(Beginning of THE DATA)

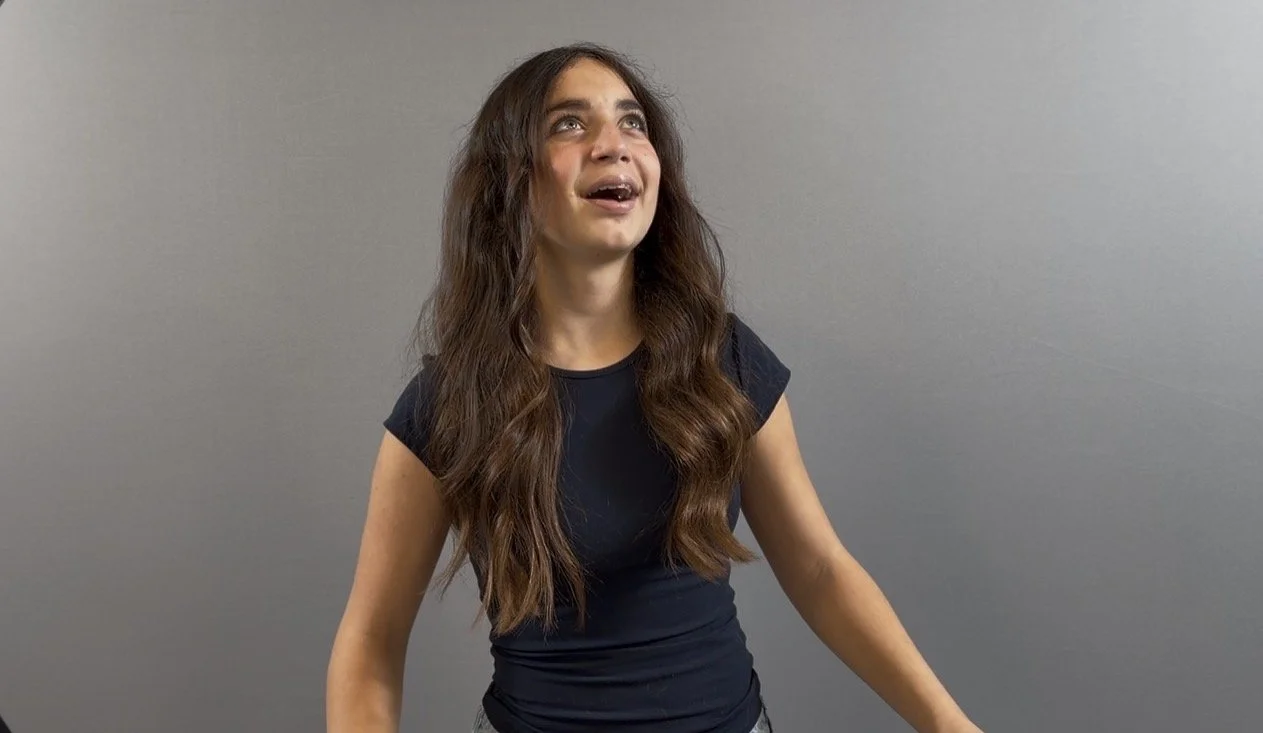 Young woman with long, wavy brown hair looking upward with a surprised or excited expression, wearing a black T-shirt, standing against a plain gray background.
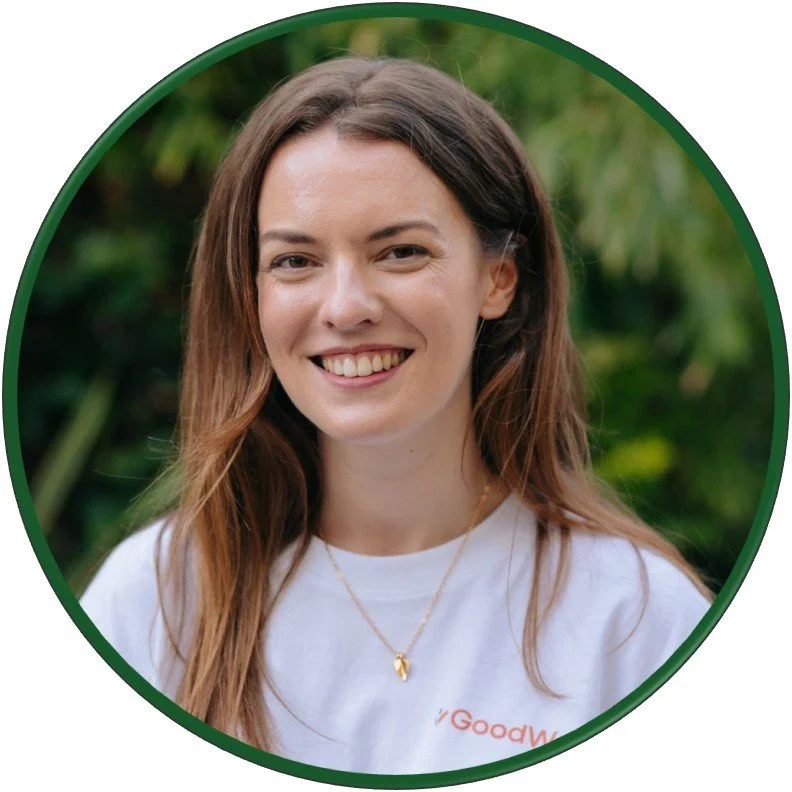 Felicity Halstead  standing outdoors against lush green foliage. She wears a white “GoodWork” T-shirt and gold necklace
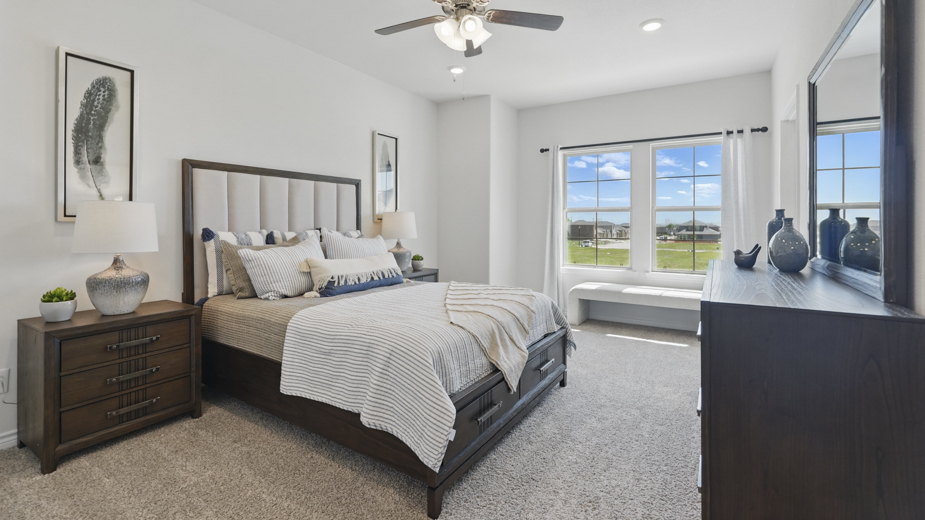 primary bedroom with large windows providing natural light to the entire room
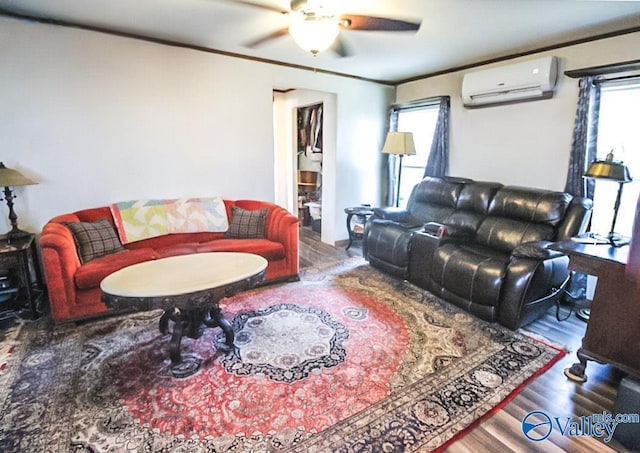 living room featuring hardwood / wood-style flooring, ceiling fan, ornamental molding, and a wall mounted AC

(End of THE DATA)

■ WORK REQUIRED ■
All that is needed is the lines from the line holding "primary bedroom with" to the final line of the listing above, repeated exactly, pictures excluded.

■ RESPONSE TO THIS EXERCISE ■
 primary bedroom with large windows providing natural light to the entire room
 living room featuring hardwood / wood-style flooring, ceiling fan, ornamental molding, and a wall mounted AC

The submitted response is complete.